Moradores da Vila Industrial reclamam da falta de segurança na região

Bairro no limite dos distritos de Vila Prudente e Sapopemba tem aumento exponencial de assaltos a pedestres, além do crescimento de roubos e furtos de veículos

 

Por Alexandre de Paulo (texto e fotos)

 

O ponto de ônibus em frente ao condomínio Avante Clube, no número 277 da rua Pascoal Ranieri Mazzili, na Vila Industrial, entre os distritos de Vila Prudente e Sapopemba, já é apontado pelos vizinhos como um dos locais mais perigosos da região. A frequência com que os moradores são assaltados neste ponto específico fez com que o síndico do residencial e uma comissão de moradores procurassem o vereador Caio Miranda Ribeiro (PSB), com o intuito de discutir formas de aumentar a segurança no local. Só para se ter uma ideia da gravidade do problema, uma moradora foi assaltada sete vezes no intervalo de cinco meses.

O vereador Caio Miranda Carneiro e o chefe de gabinete João Gomes, acompanhados do subinspetor Domingues – da Guarda Civil Metropolitana (GCM) -, se reuniram ontem com o conselheiro do condomínio, Thiago Marangoni, o síndico Eder Raunainer e o diretor do Clube da Comunidade (CDC) Santo Antônio, Geraldo Nóbrega, e outros moradores.

 

“No ponto de ônibus aqui em frente ao condomínio tem havido muitos roubos, inclusive com grave ameaça. De manhã há mais assaltos às pessoas; no fim de tarde e início da noite o alvo são os carros nas ruas do entorno”, alertou Marangoni.

“Tivemos que adotar medidas para tentar proteger os moradores, como deixa-los esperando ônibus do lado de dentro das grades. O porteiro observa por um espelho instalado no poste e avisa a linha do coletivo que se aproxima. Só aí o morador vai para o ponto”, explica o síndico Raunainer. Ele diz que procura orientar as vítimas quanto à importância do registro de boletins de ocorrências na delegacia (ou até mesmo on-line, quando não há ameaça), para que a Secretaria de Segurança Pública (SSP) possa ter ciência dos problemas e agir a partir das estatísticas criminais. Porém, ressalta que muitos moradores estão descrentes com “as autoridades”.

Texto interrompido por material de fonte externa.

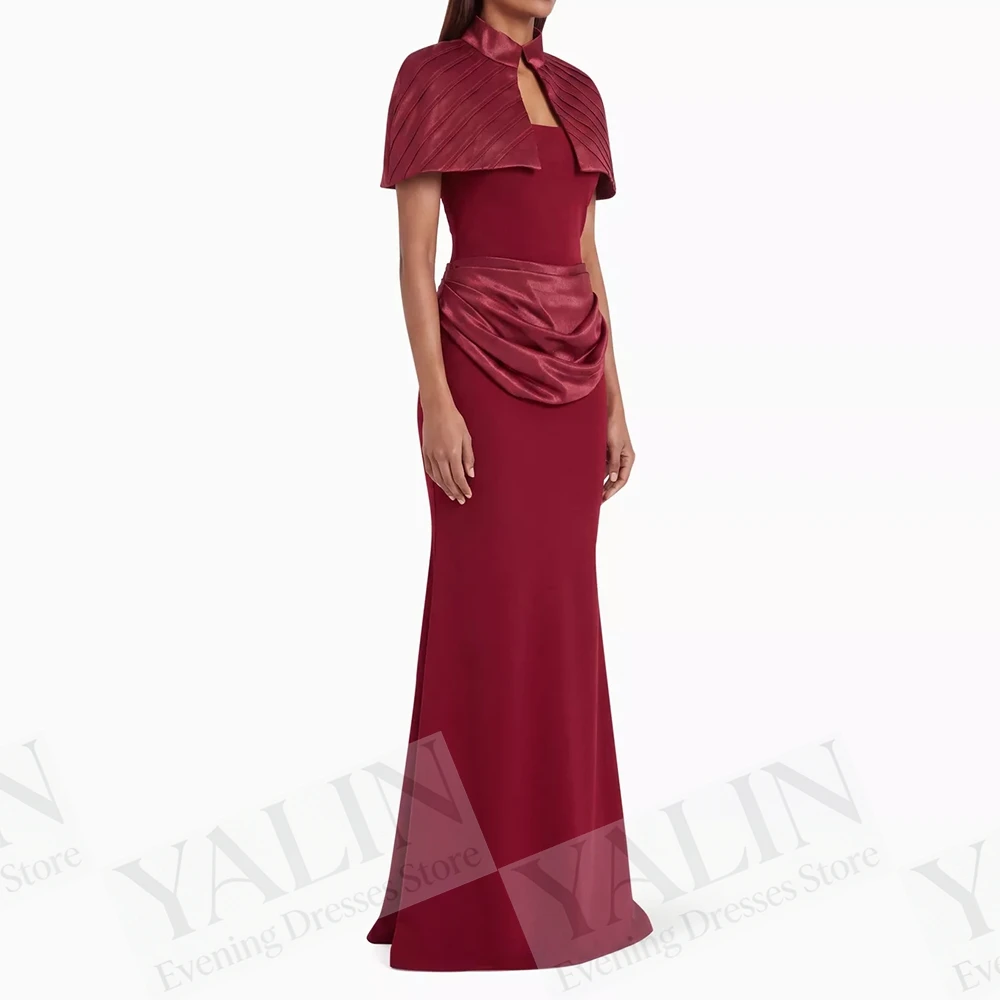 Women's A-line Evening Dresses Floor-length High-neck Sleeveless Prom Dresses Fashion Stole Simple Draped Casual Customized Gown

A violência não está limitada ao entorno dos prédios. “Outro problema que tem crescido muito aqui é o roubo e furto de veículo”, aponta Nóbrega. “Até desova de carros tem acontecido na região”, complementa.

A administração do condomínio delimitou uma área interna nos fundos para que os moradores possam passear tranquilamente com seus amimais de estimação, pois até cães chegaram a ser roubados nas redondezas. “Eles (os criminosos) atuam normalmente de moto e fazem uma espécie de arrastão. Levam carteiras e celulares. Uma pessoa aqui do prédio foi assaltada sete vezes”, lembrou Thiago.

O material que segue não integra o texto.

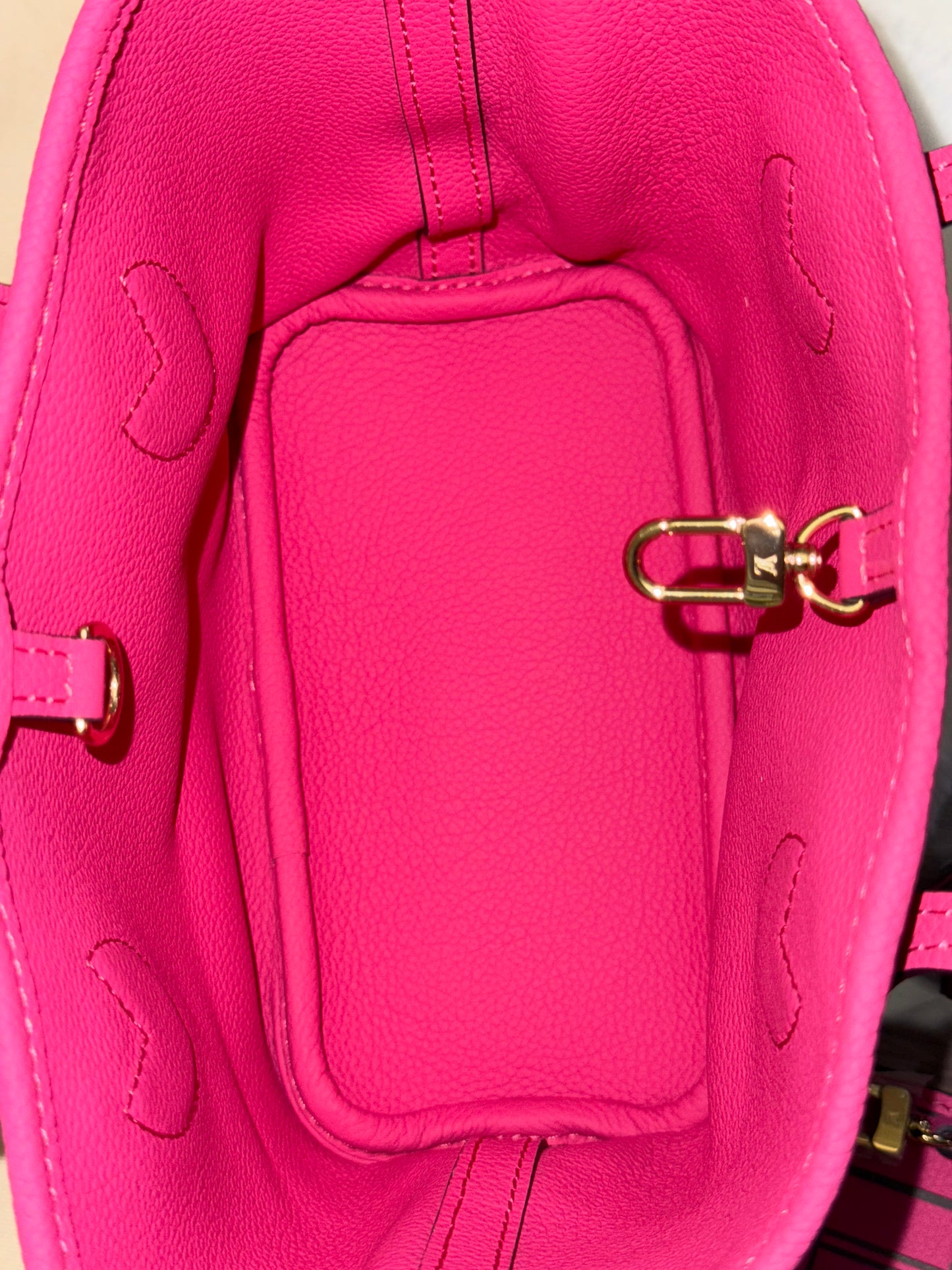 Louis Vuitton Neverfull BB Inside Out Bandouliere Rose Pondichery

Uma das reivindicações da comissão é a possibilidade de instalação de uma base móvel da GCM. “O maior problema da GCM é com o efetivo. Não adianta instalar bases, móveis ou fixas, e não ter guardas suficientes para trabalhar. O que podemos fazer, de imediato, é aumentar as rondas na região”, disse o subinspetor Domingues.

“O aumento do efetivo da guarda na região (e em toda cidade) seria o ideal. Mas penso que uma parceria entre a GCM e o CDC pode ser muito boa para o bairro. Não só na questão de segurança, que no momento é primordial, mas também na área cultural. O espaço do CDC, que é bastante amplo, pode ser cedido para os ensaios da banda da GCM. Os membros também podem contribuir dando aulas de música à comunidade, por exemplo,”, disse o vereador Caio.

Outro problema observado por Caio foi a proximidade das quatro faixas de pedestres com as esquinas, no cruzamento das ruas Paschoal Ranieri Mazzilli e Moisés Rodrigues dos Santos.

“É ruim para o pedestre e para o motorista. Fica muito em cima. É perigoso. Ao fazer a curva o carro já ‘queima’ a faixa”, disse.

Pedestres que atravessavam a rua também reclamaram da alta velocidade dos ônibus e veículos que circulam na rua. “A instalação de lombadas na via forçará os motoristas a trafegarem mais devagar”, disse Marangoni.

“Há pelo menos duas escolas nas proximidades. Muitas crianças circulam por aqui e correm o risco de serem atropeladas”, finalizou Caio.